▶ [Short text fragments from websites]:
· · ·

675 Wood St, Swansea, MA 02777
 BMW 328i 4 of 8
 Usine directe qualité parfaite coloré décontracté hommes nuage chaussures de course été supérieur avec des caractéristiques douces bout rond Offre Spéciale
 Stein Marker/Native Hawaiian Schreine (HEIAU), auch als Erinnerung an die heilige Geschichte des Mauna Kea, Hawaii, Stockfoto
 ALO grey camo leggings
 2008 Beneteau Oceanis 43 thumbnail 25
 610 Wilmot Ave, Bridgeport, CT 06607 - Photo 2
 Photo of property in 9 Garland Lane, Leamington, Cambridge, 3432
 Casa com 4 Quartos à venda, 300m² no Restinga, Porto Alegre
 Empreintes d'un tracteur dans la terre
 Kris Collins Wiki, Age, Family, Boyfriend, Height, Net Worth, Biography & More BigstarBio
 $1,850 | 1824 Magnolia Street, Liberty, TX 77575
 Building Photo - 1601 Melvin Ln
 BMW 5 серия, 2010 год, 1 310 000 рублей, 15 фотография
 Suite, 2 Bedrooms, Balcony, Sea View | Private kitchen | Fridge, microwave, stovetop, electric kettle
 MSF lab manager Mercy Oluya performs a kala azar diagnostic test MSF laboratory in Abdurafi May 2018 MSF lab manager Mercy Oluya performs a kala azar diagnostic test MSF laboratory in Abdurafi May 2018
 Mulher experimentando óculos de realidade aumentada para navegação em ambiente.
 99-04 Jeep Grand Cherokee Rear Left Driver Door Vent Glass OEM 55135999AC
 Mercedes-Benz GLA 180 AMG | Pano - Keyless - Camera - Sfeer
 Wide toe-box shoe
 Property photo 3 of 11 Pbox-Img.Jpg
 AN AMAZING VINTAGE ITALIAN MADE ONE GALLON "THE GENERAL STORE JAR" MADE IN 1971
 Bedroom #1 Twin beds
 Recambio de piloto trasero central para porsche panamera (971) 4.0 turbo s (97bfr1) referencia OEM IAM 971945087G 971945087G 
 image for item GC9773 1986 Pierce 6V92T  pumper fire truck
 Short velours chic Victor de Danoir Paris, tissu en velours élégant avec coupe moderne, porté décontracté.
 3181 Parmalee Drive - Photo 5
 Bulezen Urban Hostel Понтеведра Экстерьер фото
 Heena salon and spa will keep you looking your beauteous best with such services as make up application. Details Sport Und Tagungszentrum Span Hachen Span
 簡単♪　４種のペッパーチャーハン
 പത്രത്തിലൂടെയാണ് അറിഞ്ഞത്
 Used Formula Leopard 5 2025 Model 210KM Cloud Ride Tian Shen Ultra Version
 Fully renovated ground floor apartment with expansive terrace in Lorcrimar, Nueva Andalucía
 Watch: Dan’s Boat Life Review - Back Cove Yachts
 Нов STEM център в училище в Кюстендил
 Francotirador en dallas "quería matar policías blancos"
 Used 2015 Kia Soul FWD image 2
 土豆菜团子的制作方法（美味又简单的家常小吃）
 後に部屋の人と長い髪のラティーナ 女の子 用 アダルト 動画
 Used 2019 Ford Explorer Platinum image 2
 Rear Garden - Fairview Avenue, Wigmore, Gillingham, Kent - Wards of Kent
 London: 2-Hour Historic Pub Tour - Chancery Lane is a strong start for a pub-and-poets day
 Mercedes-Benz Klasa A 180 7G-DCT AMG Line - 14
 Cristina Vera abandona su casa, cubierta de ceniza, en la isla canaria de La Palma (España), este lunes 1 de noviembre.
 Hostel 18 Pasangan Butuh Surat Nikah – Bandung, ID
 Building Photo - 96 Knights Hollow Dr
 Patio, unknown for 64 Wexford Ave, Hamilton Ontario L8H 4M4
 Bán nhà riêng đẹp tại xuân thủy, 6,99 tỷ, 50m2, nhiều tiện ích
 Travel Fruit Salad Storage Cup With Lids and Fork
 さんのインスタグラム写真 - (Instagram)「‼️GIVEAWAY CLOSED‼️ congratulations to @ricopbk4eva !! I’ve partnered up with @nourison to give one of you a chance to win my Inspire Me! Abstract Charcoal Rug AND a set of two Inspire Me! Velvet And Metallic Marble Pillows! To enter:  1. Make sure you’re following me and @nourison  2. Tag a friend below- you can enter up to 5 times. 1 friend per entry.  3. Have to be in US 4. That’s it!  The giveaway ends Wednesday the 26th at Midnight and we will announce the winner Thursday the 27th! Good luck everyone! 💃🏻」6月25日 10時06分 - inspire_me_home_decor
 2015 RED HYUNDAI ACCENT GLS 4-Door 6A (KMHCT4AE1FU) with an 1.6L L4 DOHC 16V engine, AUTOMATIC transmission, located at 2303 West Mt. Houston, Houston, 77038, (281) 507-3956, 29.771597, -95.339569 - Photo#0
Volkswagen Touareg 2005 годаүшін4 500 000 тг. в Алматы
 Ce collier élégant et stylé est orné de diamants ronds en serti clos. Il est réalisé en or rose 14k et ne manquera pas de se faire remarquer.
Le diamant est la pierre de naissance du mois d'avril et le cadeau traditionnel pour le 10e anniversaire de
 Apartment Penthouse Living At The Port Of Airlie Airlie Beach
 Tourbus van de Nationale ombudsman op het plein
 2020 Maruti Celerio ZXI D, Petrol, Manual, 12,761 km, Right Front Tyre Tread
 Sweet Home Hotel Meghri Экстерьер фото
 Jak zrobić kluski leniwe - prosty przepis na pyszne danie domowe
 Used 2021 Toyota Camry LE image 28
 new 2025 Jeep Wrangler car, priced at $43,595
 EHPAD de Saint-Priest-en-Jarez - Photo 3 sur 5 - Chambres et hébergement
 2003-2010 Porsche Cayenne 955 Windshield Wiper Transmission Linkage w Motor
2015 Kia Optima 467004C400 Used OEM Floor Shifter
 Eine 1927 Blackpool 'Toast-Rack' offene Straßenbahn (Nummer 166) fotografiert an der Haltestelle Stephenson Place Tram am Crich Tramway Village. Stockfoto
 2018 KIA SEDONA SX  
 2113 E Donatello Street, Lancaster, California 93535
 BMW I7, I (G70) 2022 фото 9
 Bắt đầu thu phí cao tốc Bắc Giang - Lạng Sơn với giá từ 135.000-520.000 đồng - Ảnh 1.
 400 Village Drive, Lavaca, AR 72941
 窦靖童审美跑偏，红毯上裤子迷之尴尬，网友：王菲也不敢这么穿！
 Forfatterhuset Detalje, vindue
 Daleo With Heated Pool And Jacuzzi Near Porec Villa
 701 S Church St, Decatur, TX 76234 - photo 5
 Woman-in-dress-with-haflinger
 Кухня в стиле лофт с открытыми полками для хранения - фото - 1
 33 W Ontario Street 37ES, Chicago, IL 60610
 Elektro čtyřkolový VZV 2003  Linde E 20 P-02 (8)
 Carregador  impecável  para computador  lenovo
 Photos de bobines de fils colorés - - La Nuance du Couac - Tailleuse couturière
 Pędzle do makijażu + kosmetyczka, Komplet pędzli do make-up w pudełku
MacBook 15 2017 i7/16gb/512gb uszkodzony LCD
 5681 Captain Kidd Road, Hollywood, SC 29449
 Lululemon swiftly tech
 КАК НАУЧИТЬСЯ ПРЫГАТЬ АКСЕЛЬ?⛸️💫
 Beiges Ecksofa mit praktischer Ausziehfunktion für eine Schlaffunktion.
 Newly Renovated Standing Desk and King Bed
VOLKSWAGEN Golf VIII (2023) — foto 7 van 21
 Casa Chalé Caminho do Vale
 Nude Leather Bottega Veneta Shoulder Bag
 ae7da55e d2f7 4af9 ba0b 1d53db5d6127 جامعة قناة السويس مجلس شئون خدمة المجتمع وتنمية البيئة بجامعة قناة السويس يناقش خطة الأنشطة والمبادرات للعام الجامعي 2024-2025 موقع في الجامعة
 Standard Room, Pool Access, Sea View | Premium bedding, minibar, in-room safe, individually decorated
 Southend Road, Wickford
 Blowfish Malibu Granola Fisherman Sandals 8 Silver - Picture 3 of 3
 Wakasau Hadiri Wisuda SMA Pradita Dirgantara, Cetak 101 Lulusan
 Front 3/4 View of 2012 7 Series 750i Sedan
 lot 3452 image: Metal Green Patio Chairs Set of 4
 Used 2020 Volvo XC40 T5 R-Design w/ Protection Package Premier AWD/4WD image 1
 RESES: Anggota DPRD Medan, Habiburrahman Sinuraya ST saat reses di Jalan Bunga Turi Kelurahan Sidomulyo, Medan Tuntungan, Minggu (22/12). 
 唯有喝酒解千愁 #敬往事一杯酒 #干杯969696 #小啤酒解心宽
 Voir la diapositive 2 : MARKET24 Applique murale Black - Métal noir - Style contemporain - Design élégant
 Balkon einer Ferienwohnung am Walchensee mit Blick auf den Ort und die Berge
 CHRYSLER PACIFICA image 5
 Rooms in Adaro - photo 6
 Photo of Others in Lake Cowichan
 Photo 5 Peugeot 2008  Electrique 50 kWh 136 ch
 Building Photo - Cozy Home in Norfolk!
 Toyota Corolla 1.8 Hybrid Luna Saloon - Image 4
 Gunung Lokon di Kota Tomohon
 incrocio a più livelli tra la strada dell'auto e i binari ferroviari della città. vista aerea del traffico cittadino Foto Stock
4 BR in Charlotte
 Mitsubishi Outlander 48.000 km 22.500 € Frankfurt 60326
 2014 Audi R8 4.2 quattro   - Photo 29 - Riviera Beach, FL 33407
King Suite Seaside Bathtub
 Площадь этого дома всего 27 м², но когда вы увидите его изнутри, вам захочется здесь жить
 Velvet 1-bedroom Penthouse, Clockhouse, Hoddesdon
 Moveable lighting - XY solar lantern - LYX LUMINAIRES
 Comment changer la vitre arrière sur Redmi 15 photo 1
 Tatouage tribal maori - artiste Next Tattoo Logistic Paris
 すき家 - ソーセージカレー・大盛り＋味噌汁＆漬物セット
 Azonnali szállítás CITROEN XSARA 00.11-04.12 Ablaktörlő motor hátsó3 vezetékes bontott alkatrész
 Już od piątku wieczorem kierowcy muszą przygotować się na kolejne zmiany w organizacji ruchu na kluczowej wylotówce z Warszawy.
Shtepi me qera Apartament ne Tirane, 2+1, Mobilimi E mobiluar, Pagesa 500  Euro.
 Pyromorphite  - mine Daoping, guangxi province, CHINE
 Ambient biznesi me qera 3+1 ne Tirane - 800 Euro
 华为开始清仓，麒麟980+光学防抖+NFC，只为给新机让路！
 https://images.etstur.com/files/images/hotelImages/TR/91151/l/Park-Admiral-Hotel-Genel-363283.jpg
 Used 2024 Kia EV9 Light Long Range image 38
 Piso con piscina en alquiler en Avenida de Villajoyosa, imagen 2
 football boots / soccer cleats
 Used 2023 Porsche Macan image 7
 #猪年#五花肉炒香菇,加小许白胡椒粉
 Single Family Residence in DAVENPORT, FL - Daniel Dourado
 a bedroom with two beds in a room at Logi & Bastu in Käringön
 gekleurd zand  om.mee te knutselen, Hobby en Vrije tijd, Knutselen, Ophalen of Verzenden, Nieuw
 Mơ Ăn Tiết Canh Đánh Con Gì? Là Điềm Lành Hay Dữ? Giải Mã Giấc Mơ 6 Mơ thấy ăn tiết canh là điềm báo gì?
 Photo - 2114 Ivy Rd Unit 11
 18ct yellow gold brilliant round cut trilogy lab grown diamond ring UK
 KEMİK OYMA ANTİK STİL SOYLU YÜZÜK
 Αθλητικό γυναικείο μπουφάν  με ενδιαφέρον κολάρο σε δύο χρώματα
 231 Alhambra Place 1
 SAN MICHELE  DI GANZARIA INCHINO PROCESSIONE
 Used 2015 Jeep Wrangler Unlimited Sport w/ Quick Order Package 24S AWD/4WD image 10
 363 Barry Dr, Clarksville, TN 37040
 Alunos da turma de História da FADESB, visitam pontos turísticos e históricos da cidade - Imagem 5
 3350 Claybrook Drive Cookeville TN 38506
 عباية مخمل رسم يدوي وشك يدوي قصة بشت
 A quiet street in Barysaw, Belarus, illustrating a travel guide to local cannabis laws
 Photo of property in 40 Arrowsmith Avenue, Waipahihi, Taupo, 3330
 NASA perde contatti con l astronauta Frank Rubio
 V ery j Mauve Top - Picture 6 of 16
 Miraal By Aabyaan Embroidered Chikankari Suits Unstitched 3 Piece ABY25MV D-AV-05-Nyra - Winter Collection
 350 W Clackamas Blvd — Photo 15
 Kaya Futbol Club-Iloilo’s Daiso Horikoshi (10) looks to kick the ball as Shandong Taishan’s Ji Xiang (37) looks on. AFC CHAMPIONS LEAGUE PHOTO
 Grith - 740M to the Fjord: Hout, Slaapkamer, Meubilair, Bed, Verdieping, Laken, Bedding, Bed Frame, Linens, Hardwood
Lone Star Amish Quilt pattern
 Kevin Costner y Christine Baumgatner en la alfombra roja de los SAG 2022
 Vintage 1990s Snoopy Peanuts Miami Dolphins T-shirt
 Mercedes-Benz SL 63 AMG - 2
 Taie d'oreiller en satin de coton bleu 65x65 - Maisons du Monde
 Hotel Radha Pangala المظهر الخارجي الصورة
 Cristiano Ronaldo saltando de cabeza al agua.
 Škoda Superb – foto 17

· · ·

▶ [Exercise aim]:
Copy every line from the records that holds the string "Benz".

▶ [Your solution]:
 Mercedes-Benz GLA 180 AMG | Pano - Keyless - Camera - Sfeer
 Mercedes-Benz Klasa A 180 7G-DCT AMG Line - 14
 Mercedes-Benz SL 63 AMG - 2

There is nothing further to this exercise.